== Segment start ==
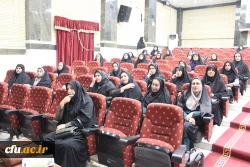 با حکم رئیس دانشگاه فرهنگیان استان بوشهر؛
انتصاب مشاوران علمی - پژوهشی و آموزشی دانشگاه فرهنگیان استان بوشهر 2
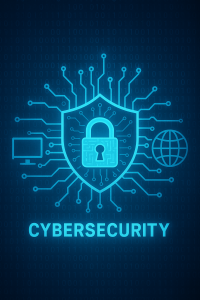 cybersecurity, cyber attacks,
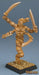 Reaper Miniatures Dust Devil, Nefsokar Monster #14245 Nefsokar Unpainted Mini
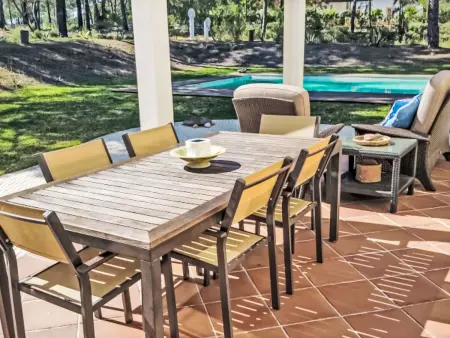 Apartamento 2 quartos- UA 94, Appartement 4 personnes à Alcácer do Sal - Photo 2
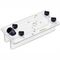 FESTOOL OF-FH 2200 Routing Aid for narrow workpiece edges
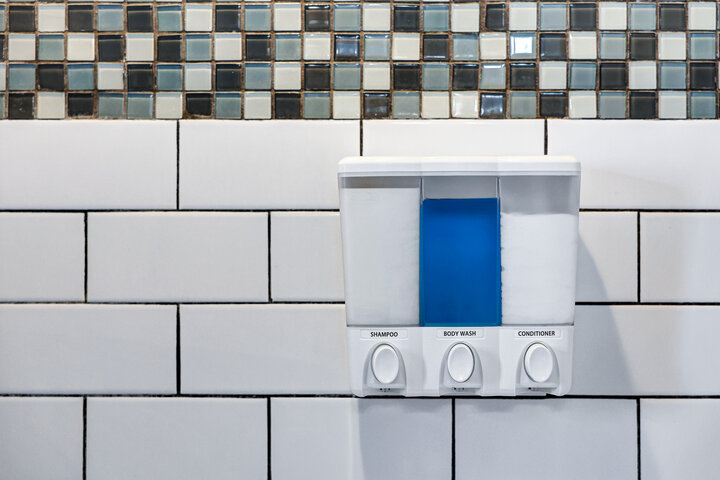 House in San Antonio, US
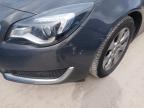 2014 VAUXHALL INSIGNIA S for sale at Copart SANDY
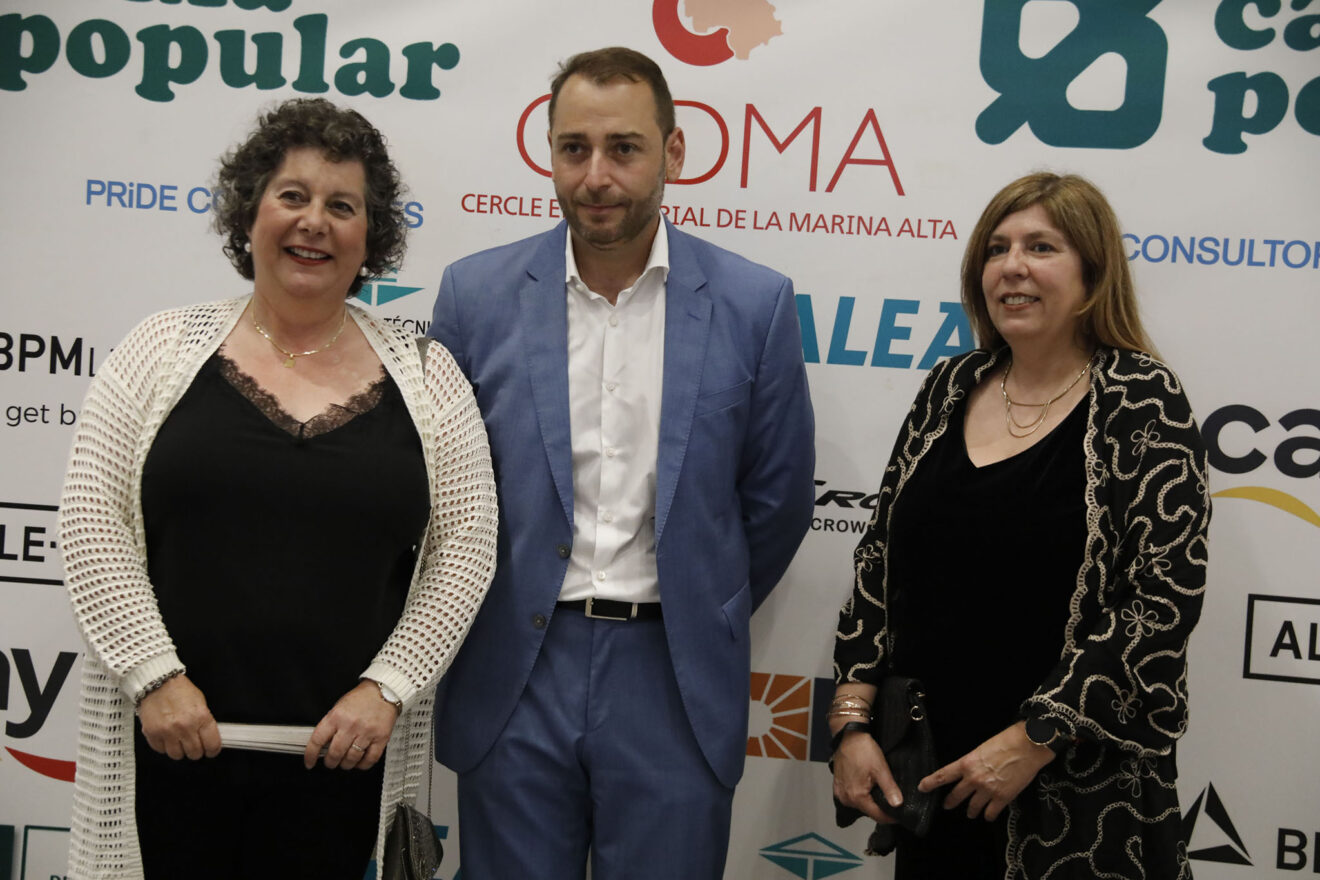 XVIII Premios CEDMA 2026 14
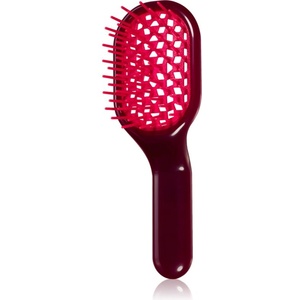 Janeke Curvy Vented Brush плоска четка за по-бързо оформяне на прическата със сешоар 15x5 см - notino - 26,44 лв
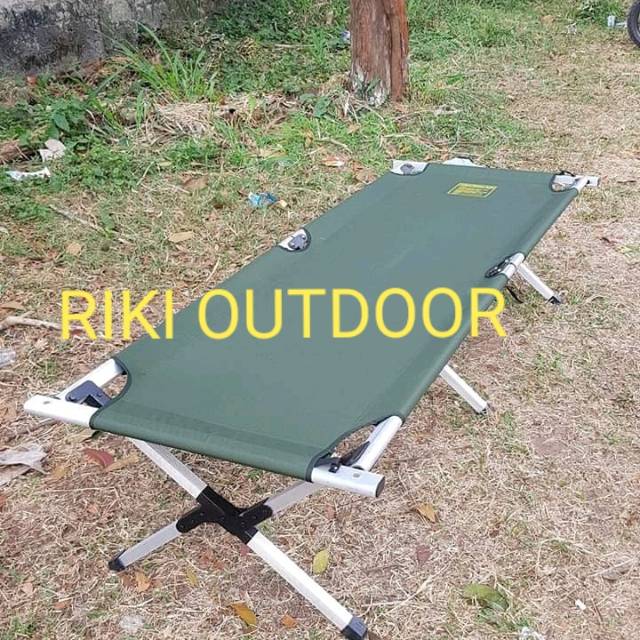 Jual Velbed Alumunium Shopee Indonesia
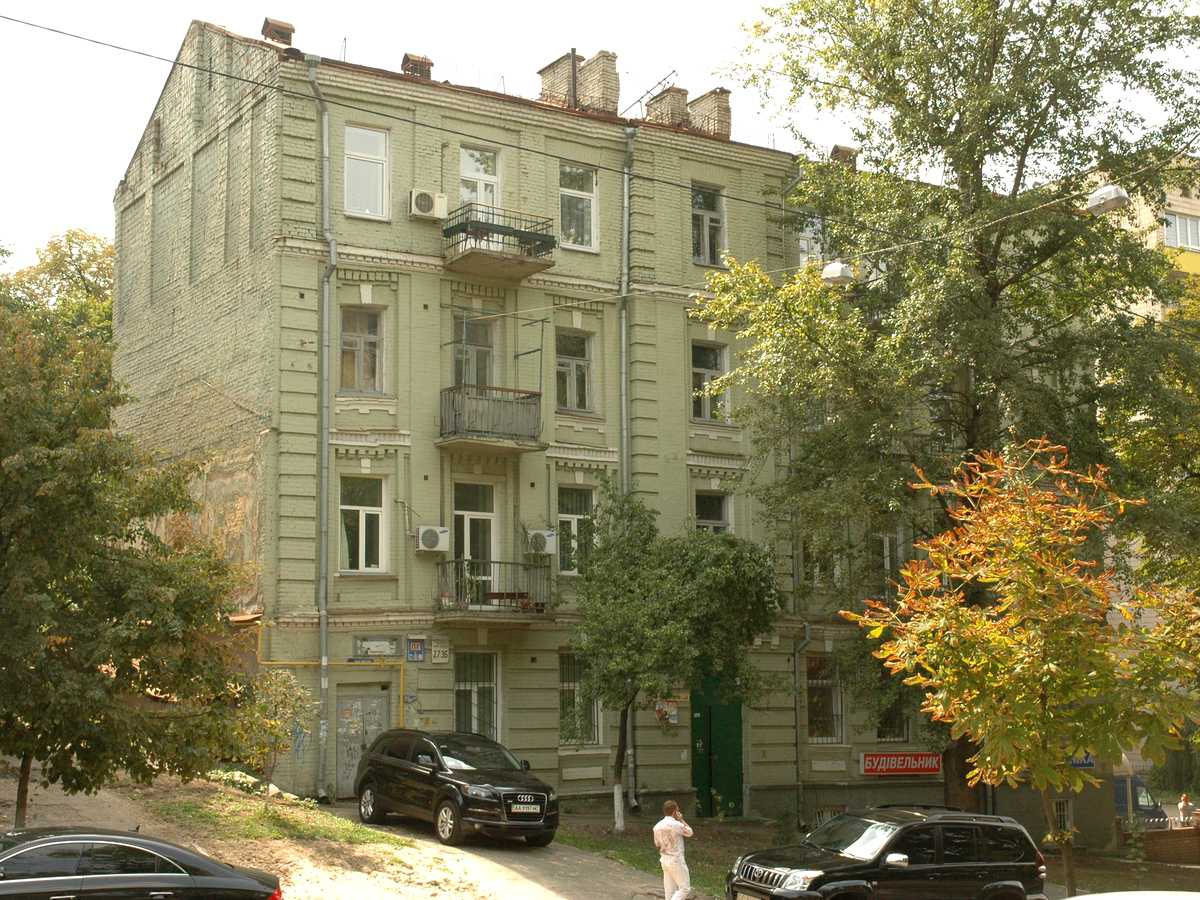 Фото дома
== Segment end ==
## [WHAT IS BEING ASKED]
Everything in the records should be repeated exactly except the images.

## [COMPLETED TASK]
 با حکم رئیس دانشگاه فرهنگیان استان بوشهر؛
انتصاب مشاوران علمی - پژوهشی و آموزشی دانشگاه فرهنگیان استان بوشهر 2
 cybersecurity, cyber attacks,
 Reaper Miniatures Dust Devil, Nefsokar Monster #14245 Nefsokar Unpainted Mini
 Apartamento 2 quartos- UA 94, Appartement 4 personnes à Alcácer do Sal - Photo 2
 FESTOOL OF-FH 2200 Routing Aid for narrow workpiece edges
 House in San Antonio, US
 2014 VAUXHALL INSIGNIA S for sale at Copart SANDY
 XVIII Premios CEDMA 2026 14
 Janeke Curvy Vented Brush плоска четка за по-бързо оформяне на прическата със сешоар 15x5 см - notino - 26,44 лв
 Jual Velbed Alumunium Shopee Indonesia
 Фото дома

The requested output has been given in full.